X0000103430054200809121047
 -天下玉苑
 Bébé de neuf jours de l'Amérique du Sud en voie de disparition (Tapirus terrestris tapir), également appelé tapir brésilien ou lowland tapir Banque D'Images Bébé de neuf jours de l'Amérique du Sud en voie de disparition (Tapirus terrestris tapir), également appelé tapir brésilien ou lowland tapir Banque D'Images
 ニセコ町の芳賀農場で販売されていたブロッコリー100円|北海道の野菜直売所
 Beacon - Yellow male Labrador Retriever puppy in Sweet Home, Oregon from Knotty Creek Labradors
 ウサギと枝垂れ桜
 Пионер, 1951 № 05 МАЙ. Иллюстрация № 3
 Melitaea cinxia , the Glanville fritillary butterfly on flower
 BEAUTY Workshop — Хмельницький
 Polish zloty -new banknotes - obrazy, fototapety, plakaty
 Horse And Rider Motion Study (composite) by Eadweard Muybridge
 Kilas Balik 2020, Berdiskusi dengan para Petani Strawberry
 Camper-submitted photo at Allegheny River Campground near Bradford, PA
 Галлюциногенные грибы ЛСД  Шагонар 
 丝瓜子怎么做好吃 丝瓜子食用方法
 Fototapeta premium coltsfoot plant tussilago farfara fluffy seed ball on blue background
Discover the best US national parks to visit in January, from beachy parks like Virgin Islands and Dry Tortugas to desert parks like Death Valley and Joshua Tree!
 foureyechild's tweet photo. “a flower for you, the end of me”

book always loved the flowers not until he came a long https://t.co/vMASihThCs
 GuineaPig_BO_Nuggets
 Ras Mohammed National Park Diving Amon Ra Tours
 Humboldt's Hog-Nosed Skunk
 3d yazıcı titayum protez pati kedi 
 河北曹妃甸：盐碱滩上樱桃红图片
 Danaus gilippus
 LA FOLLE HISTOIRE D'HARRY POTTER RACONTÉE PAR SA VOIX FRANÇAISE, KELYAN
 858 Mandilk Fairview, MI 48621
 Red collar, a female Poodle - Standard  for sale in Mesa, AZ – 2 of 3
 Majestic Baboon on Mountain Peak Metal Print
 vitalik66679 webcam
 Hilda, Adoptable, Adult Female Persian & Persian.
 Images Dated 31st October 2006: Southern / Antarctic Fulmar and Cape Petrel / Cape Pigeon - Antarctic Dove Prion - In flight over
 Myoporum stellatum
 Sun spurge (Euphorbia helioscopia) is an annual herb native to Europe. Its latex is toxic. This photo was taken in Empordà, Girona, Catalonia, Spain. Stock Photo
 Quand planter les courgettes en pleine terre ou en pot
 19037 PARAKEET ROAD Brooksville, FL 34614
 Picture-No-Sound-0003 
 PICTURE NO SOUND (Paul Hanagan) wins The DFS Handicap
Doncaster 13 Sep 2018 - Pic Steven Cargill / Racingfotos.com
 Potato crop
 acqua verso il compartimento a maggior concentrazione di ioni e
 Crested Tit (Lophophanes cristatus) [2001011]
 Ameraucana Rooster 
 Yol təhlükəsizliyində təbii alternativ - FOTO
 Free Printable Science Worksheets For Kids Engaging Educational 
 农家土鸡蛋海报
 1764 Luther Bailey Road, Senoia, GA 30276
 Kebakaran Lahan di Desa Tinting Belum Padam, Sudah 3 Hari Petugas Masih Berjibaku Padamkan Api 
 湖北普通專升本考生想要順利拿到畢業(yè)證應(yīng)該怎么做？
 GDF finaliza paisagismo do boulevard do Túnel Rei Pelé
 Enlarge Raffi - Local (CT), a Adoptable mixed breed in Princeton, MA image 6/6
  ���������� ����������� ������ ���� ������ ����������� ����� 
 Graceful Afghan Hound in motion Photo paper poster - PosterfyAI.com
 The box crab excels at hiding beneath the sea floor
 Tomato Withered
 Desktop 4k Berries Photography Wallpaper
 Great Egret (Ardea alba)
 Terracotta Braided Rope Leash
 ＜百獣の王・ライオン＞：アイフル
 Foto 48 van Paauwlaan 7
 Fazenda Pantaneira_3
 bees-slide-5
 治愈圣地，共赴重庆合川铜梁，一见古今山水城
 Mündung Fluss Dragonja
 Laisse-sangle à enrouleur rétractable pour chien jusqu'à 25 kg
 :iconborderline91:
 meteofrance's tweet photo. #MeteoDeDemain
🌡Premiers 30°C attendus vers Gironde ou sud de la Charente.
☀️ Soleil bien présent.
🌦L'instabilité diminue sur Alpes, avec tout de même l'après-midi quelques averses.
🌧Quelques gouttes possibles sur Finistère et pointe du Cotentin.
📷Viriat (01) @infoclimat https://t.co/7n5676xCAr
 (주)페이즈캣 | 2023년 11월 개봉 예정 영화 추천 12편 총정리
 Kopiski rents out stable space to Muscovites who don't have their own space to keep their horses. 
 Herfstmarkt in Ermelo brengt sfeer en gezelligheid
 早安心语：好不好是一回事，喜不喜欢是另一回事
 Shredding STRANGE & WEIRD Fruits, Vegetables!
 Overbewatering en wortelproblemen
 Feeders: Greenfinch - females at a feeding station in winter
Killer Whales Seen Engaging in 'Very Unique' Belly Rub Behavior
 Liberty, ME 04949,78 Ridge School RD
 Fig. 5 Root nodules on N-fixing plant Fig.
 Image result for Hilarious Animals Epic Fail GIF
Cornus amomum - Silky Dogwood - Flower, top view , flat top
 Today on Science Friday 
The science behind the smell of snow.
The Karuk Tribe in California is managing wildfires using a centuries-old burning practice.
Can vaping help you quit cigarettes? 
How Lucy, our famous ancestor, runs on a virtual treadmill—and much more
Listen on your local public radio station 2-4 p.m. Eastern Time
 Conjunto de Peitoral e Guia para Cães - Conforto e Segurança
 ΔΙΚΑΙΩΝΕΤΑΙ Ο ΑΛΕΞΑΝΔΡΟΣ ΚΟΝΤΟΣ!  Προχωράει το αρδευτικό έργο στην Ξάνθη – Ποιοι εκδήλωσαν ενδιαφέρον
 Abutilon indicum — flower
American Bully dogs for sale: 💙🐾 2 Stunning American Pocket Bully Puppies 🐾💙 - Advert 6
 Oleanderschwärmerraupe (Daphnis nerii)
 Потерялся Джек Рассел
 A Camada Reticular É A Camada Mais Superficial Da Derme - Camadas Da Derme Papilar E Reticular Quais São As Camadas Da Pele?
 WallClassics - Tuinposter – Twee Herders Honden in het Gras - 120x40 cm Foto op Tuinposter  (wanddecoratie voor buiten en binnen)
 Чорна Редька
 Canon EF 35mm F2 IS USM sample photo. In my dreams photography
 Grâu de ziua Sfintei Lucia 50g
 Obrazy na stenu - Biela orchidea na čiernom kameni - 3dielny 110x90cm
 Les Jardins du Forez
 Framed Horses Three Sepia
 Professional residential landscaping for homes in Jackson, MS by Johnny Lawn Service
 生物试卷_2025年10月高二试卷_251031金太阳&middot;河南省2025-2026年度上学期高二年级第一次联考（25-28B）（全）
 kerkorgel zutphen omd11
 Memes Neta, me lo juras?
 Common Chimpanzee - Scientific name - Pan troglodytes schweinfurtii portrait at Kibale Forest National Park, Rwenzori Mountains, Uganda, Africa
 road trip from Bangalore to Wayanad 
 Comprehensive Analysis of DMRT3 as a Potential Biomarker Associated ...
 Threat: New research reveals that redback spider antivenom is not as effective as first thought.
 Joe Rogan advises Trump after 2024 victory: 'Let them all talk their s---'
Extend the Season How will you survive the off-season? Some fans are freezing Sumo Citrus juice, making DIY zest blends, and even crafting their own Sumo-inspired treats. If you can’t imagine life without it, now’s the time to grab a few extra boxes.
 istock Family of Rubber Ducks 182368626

Goal of the exercise
Repeat the whole listing exactly.

Written reply
X0000103430054200809121047
 -天下玉苑
 Bébé de neuf jours de l'Amérique du Sud en voie de disparition (Tapirus terrestris tapir), également appelé tapir brésilien ou lowland tapir Banque D'Images Bébé de neuf jours de l'Amérique du Sud en voie de disparition (Tapirus terrestris tapir), également appelé tapir brésilien ou lowland tapir Banque D'Images
 ニセコ町の芳賀農場で販売されていたブロッコリー100円|北海道の野菜直売所
 Beacon - Yellow male Labrador Retriever puppy in Sweet Home, Oregon from Knotty Creek Labradors
 ウサギと枝垂れ桜
 Пионер, 1951 № 05 МАЙ. Иллюстрация № 3
 Melitaea cinxia , the Glanville fritillary butterfly on flower
 BEAUTY Workshop — Хмельницький
 Polish zloty -new banknotes - obrazy, fototapety, plakaty
 Horse And Rider Motion Study (composite) by Eadweard Muybridge
 Kilas Balik 2020, Berdiskusi dengan para Petani Strawberry
 Camper-submitted photo at Allegheny River Campground near Bradford, PA
 Галлюциногенные грибы ЛСД  Шагонар 
 丝瓜子怎么做好吃 丝瓜子食用方法
 Fototapeta premium coltsfoot plant tussilago farfara fluffy seed ball on blue background
Discover the best US national parks to visit in January, from beachy parks like Virgin Islands and Dry Tortugas to desert parks like Death Valley and Joshua Tree!
 foureyechild's tweet photo. “a flower for you, the end of me”

book always loved the flowers not until he came a long https://t.co/vMASihThCs
 GuineaPig_BO_Nuggets
 Ras Mohammed National Park Diving Amon Ra Tours
 Humboldt's Hog-Nosed Skunk
 3d yazıcı titayum protez pati kedi 
 河北曹妃甸：盐碱滩上樱桃红图片
 Danaus gilippus
 LA FOLLE HISTOIRE D'HARRY POTTER RACONTÉE PAR SA VOIX FRANÇAISE, KELYAN
 858 Mandilk Fairview, MI 48621
 Red collar, a female Poodle - Standard  for sale in Mesa, AZ – 2 of 3
 Majestic Baboon on Mountain Peak Metal Print
 vitalik66679 webcam
 Hilda, Adoptable, Adult Female Persian & Persian.
 Images Dated 31st October 2006: Southern / Antarctic Fulmar and Cape Petrel / Cape Pigeon - Antarctic Dove Prion - In flight over
 Myoporum stellatum
 Sun spurge (Euphorbia helioscopia) is an annual herb native to Europe. Its latex is toxic. This photo was taken in Empordà, Girona, Catalonia, Spain. Stock Photo
 Quand planter les courgettes en pleine terre ou en pot
 19037 PARAKEET ROAD Brooksville, FL 34614
 Picture-No-Sound-0003 
 PICTURE NO SOUND (Paul Hanagan) wins The DFS Handicap
Doncaster 13 Sep 2018 - Pic Steven Cargill / Racingfotos.com
 Potato crop
 acqua verso il compartimento a maggior concentrazione di ioni e
 Crested Tit (Lophophanes cristatus) [2001011]
 Ameraucana Rooster 
 Yol təhlükəsizliyində təbii alternativ - FOTO
 Free Printable Science Worksheets For Kids Engaging Educational 
 农家土鸡蛋海报
 1764 Luther Bailey Road, Senoia, GA 30276
 Kebakaran Lahan di Desa Tinting Belum Padam, Sudah 3 Hari Petugas Masih Berjibaku Padamkan Api 
 湖北普通專升本考生想要順利拿到畢業(yè)證應(yīng)該怎么做？
 GDF finaliza paisagismo do boulevard do Túnel Rei Pelé
 Enlarge Raffi - Local (CT), a Adoptable mixed breed in Princeton, MA image 6/6
  ���������� ����������� ������ ���� ������ ����������� ����� 
 Graceful Afghan Hound in motion Photo paper poster - PosterfyAI.com
 The box crab excels at hiding beneath the sea floor
 Tomato Withered
 Desktop 4k Berries Photography Wallpaper
 Great Egret (Ardea alba)
 Terracotta Braided Rope Leash
 ＜百獣の王・ライオン＞：アイフル
 Foto 48 van Paauwlaan 7
 Fazenda Pantaneira_3
 bees-slide-5
 治愈圣地，共赴重庆合川铜梁，一见古今山水城
 Mündung Fluss Dragonja
 Laisse-sangle à enrouleur rétractable pour chien jusqu'à 25 kg
 :iconborderline91:
 meteofrance's tweet photo. #MeteoDeDemain
🌡Premiers 30°C attendus vers Gironde ou sud de la Charente.
☀️ Soleil bien présent.
🌦L'instabilité diminue sur Alpes, avec tout de même l'après-midi quelques averses.
🌧Quelques gouttes possibles sur Finistère et pointe du Cotentin.
📷Viriat (01) @infoclimat https://t.co/7n5676xCAr
 (주)페이즈캣 | 2023년 11월 개봉 예정 영화 추천 12편 총정리
 Kopiski rents out stable space to Muscovites who don't have their own space to keep their horses. 
 Herfstmarkt in Ermelo brengt sfeer en gezelligheid
 早安心语：好不好是一回事，喜不喜欢是另一回事
 Shredding STRANGE & WEIRD Fruits, Vegetables!
 Overbewatering en wortelproblemen
 Feeders: Greenfinch - females at a feeding station in winter
Killer Whales Seen Engaging in 'Very Unique' Belly Rub Behavior
 Liberty, ME 04949,78 Ridge School RD
 Fig. 5 Root nodules on N-fixing plant Fig.
 Image result for Hilarious Animals Epic Fail GIF
Cornus amomum - Silky Dogwood - Flower, top view , flat top
 Today on Science Friday 
The science behind the smell of snow.
The Karuk Tribe in California is managing wildfires using a centuries-old burning practice.
Can vaping help you quit cigarettes? 
How Lucy, our famous ancestor, runs on a virtual treadmill—and much more
Listen on your local public radio station 2-4 p.m. Eastern Time
 Conjunto de Peitoral e Guia para Cães - Conforto e Segurança
 ΔΙΚΑΙΩΝΕΤΑΙ Ο ΑΛΕΞΑΝΔΡΟΣ ΚΟΝΤΟΣ!  Προχωράει το αρδευτικό έργο στην Ξάνθη – Ποιοι εκδήλωσαν ενδιαφέρον
 Abutilon indicum — flower
American Bully dogs for sale: 💙🐾 2 Stunning American Pocket Bully Puppies 🐾💙 - Advert 6
 Oleanderschwärmerraupe (Daphnis nerii)
 Потерялся Джек Рассел
 A Camada Reticular É A Camada Mais Superficial Da Derme - Camadas Da Derme Papilar E Reticular Quais São As Camadas Da Pele?
 WallClassics - Tuinposter – Twee Herders Honden in het Gras - 120x40 cm Foto op Tuinposter  (wanddecoratie voor buiten en binnen)
 Чорна Редька
 Canon EF 35mm F2 IS USM sample photo. In my dreams photography
 Grâu de ziua Sfintei Lucia 50g
 Obrazy na stenu - Biela orchidea na čiernom kameni - 3dielny 110x90cm
 Les Jardins du Forez
 Framed Horses Three Sepia
 Professional residential landscaping for homes in Jackson, MS by Johnny Lawn Service
 生物试卷_2025年10月高二试卷_251031金太阳&middot;河南省2025-2026年度上学期高二年级第一次联考（25-28B）（全）
 kerkorgel zutphen omd11
 Memes Neta, me lo juras?
 Common Chimpanzee - Scientific name - Pan troglodytes schweinfurtii portrait at Kibale Forest National Park, Rwenzori Mountains, Uganda, Africa
 road trip from Bangalore to Wayanad 
 Comprehensive Analysis of DMRT3 as a Potential Biomarker Associated ...
 Threat: New research reveals that redback spider antivenom is not as effective as first thought.
 Joe Rogan advises Trump after 2024 victory: 'Let them all talk their s---'
Extend the Season How will you survive the off-season? Some fans are freezing Sumo Citrus juice, making DIY zest blends, and even crafting their own Sumo-inspired treats. If you can’t imagine life without it, now’s the time to grab a few extra boxes.
 istock Family of Rubber Ducks 182368626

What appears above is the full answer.